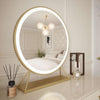 Round gold mirror with led lights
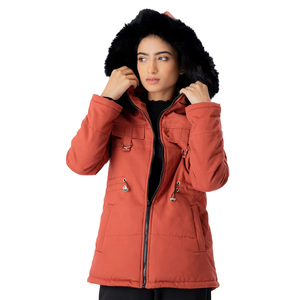 Women's Quilted Parka <b>Jacket</b> With Fur Trim Hood Zipper Closure Winter Outwear Solid Color Thick Warm Coat - Product Image 1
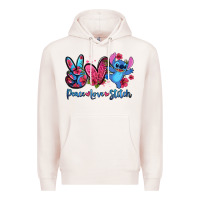 Pale Pink peace love stitch Premium Hoodie - Zillion Design Studio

TASK PROMPT:
Pictures stay out; everything else in the listing above gets restated word for word.

RESPONSE FOR THIS EXERCISE:
 Round gold mirror with led lights
 Women's Quilted Parka <b>Jacket</b> With Fur Trim Hood Zipper Closure Winter Outwear Solid Color Thick Warm Coat - Product Image 1
 Pale Pink peace love stitch Premium Hoodie - Zillion Design Studio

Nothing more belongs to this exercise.